§ Assigned task
Go through the data below. List every line that holds the word "Shirt".

§ Dataset entries
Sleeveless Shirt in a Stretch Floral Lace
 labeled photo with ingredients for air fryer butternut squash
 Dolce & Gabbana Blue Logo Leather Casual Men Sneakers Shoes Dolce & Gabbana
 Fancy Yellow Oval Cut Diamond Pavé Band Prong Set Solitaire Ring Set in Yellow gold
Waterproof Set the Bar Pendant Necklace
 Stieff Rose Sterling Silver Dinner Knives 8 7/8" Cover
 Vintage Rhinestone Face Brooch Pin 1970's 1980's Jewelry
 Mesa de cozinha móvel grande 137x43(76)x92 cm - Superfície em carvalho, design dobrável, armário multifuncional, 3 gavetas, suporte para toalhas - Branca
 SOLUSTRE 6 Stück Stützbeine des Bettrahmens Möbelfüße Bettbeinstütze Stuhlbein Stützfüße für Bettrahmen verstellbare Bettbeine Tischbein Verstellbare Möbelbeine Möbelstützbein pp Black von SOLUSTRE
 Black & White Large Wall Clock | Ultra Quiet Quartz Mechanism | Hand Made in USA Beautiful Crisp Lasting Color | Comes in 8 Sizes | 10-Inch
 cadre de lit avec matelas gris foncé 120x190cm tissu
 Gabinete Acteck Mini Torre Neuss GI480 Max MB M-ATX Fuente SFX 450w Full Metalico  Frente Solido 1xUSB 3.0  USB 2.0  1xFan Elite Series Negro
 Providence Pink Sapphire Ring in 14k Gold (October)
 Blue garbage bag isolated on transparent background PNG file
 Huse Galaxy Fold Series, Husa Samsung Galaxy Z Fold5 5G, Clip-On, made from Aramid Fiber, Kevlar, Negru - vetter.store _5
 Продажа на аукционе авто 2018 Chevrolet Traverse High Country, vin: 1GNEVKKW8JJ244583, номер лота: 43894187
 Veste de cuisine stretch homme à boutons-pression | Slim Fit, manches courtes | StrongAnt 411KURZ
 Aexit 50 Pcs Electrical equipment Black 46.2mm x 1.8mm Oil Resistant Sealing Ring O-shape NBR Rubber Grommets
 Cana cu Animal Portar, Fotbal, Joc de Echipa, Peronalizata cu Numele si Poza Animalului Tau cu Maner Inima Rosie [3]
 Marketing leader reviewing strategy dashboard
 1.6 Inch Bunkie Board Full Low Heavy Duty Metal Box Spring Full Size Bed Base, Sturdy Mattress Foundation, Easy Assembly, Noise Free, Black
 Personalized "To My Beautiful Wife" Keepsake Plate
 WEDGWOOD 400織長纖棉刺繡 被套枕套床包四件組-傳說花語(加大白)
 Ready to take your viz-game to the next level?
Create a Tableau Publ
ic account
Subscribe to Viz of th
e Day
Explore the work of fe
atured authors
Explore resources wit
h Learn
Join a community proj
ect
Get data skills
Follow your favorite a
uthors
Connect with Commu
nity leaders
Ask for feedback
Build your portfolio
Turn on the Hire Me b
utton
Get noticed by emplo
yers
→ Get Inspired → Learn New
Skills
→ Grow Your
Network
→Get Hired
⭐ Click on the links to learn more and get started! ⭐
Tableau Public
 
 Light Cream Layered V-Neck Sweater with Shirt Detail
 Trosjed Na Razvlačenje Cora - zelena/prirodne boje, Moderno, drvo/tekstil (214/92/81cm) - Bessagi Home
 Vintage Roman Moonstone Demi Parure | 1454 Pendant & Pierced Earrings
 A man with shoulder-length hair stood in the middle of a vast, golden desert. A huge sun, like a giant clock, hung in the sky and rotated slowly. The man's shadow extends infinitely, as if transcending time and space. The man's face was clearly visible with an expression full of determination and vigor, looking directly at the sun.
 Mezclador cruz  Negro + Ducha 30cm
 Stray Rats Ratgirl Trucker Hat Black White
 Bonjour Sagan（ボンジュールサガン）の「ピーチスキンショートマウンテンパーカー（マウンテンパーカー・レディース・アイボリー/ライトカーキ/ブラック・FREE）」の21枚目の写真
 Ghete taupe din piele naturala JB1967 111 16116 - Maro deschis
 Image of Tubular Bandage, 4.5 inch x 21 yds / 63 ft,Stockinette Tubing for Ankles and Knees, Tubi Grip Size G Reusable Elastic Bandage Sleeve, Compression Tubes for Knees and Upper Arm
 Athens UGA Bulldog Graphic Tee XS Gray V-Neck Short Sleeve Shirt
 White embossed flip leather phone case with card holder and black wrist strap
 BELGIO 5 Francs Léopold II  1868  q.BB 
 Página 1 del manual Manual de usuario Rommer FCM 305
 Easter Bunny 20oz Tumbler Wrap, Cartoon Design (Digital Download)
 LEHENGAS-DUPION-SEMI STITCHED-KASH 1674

§ Task result
Sleeveless Shirt in a Stretch Floral Lace
 Light Cream Layered V-Neck Sweater with Shirt Detail
 Athens UGA Bulldog Graphic Tee XS Gray V-Neck Short Sleeve Shirt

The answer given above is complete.